I was having trouble working out how to teach these concepts to students in K-12, but luckily I found high-quality materials for free on the Internet. What I have put together for you are examples of these materials. For the most part, I have taken them as they are and made very few edits. For continuity, I made my presentation of the slides very uniform, but the materials are otherwise as I found them. You will find the URL of the site where the resource was found in the speaker notes at the bottom of the slide.

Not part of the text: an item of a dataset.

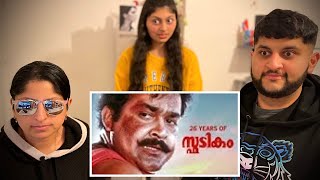 Spadikam 26th Year Special Video  Mohanlal  Thilakan  Bhadran  Linto Kurian 🇬🇧REACTION 🤩 [upl. by Wharton]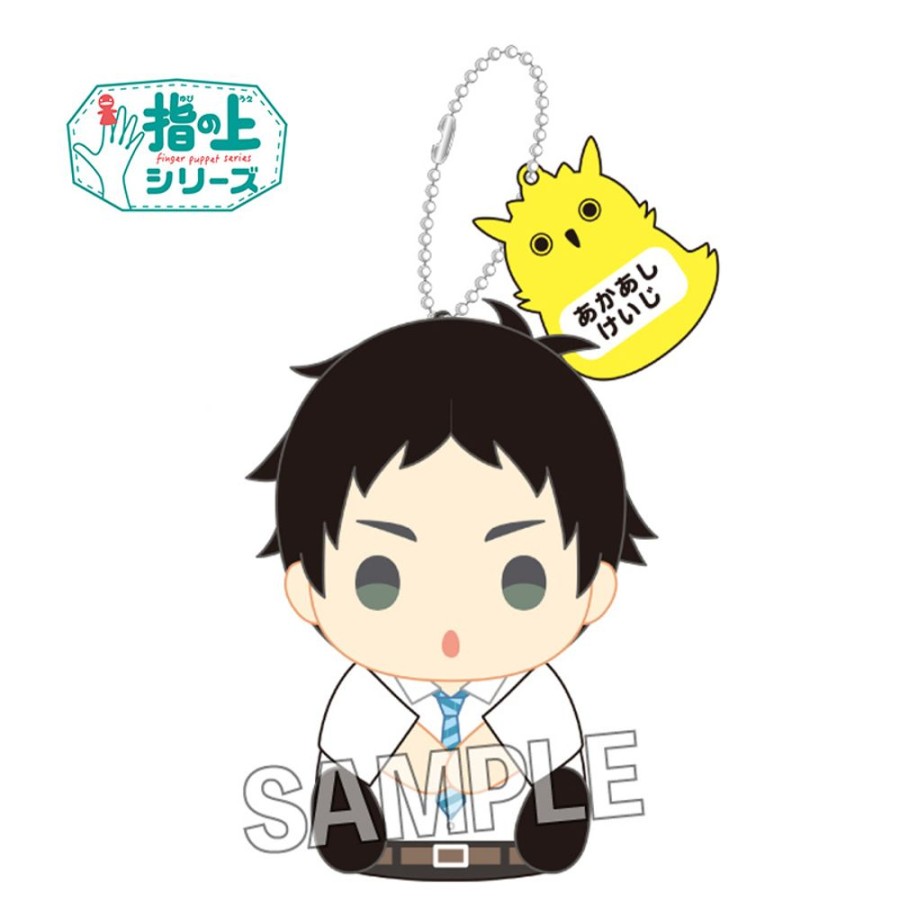 Plush Toys PROOF | Finger Puppet Series Summer School Uniform Ver. Akaashi Keiji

As I worked I noted the enduring understandings and have listed them here as a way for the teacher to keep track of the concepts that these lessons communicate to students.

Enduring understandings:
– Culture manifests in products, practices and perspectives. All three are connected. And, one can look at products and practices to try to understand perspectives.
– Everyone has a culture and everyone is different. People participate in different groups or cultures, which may be defined according to nationality, ethnicity, language, age, social class, gender, religion, political or sexual orientation.
– When one first enters into another culture, one is usually first interacting only with what you can readily see. Sometimes, people make assumptions or develop ideas about another cultural community without really understanding the internal or deep culture that makes up the majority of that culture’s values and beliefs.
– When meeting somebody for the first time, if prejudices are identified, we can try to go beyond them to establish a relationship that goes beyond the stereotypes conveyed by our society.

One response to “Teaching Culture”

  1. Many thanks for this insightful post. It really helps a lot and I appreciated the opportunity to reflect on how I am introducing identity & culture in my classroom and how it aligns with the framework.